A next generation snowpack monitoring project will test emerging technologies for improved snow surveys using satellite imagery, aerial Light Detection and Ranging (LiDAR) surveys, drones and additional manual snow observations.
Drinking water comes from Metro Vancouver’s three reservoirs – Capilano, Seymour and Coquitlam – which are replenished mainly from rainfall and supplemented by snowmelt during the spring.
Snowpack monitoring is the practice of measuring snowfall in the North Shore Mountains, which is critical for water supply planning and flood forecasting throughout the year. Over time, the methods of snowpack monitoring are improving, and this latest project is expected to enhance the region’s knowledge of snow extent and depth within the region’s watersheds.

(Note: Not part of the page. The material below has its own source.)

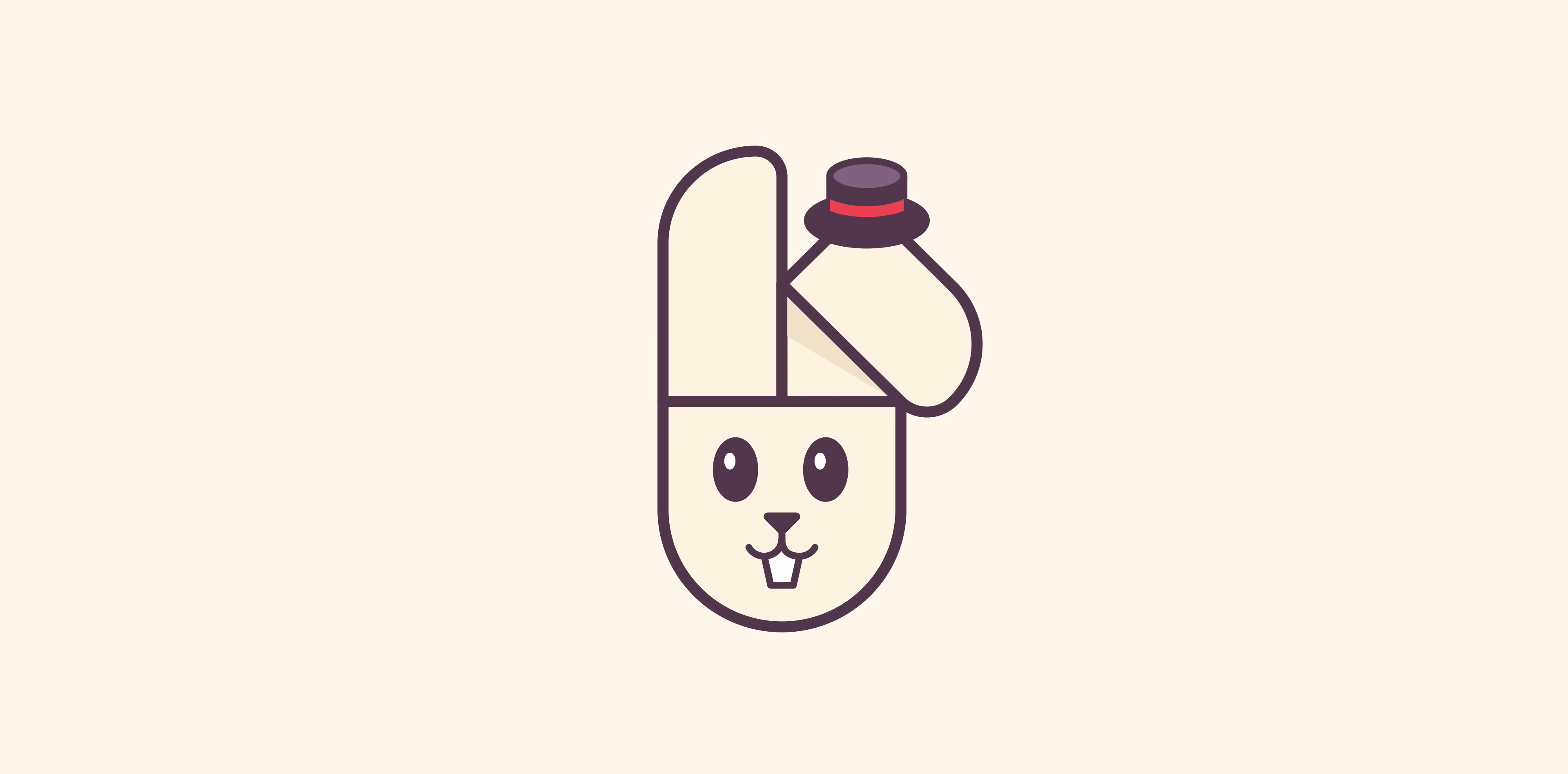Hey guys, you're watching Dansky and in this tutorial we're going to learn how to create a vector bunny in Illustrator.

Metro Vancouver has been conducting snow surveys to measure snowpack in the North Shore Mountains since 1936. Between the months of January and June, Metro Vancouver’s Watershed Protection staff conduct snow surveys to measure depth and density of snowpack to determine the amount of water that it will add to our drinking water supply.
Snow surveys are conducted using a Standard Federal Snow Sampler, which consists of several graduated aluminum tubes that are assembled and driven into the snowpack. A core sample of the entire snowpack is extracted and weighed to determine the water content of the snowpack.
Measuring snowpack is notoriously difficult because it varies significantly over time, especially across complex mountainous terrain. That means measurements taken at one location can be very different from those taken at another location a few metres away.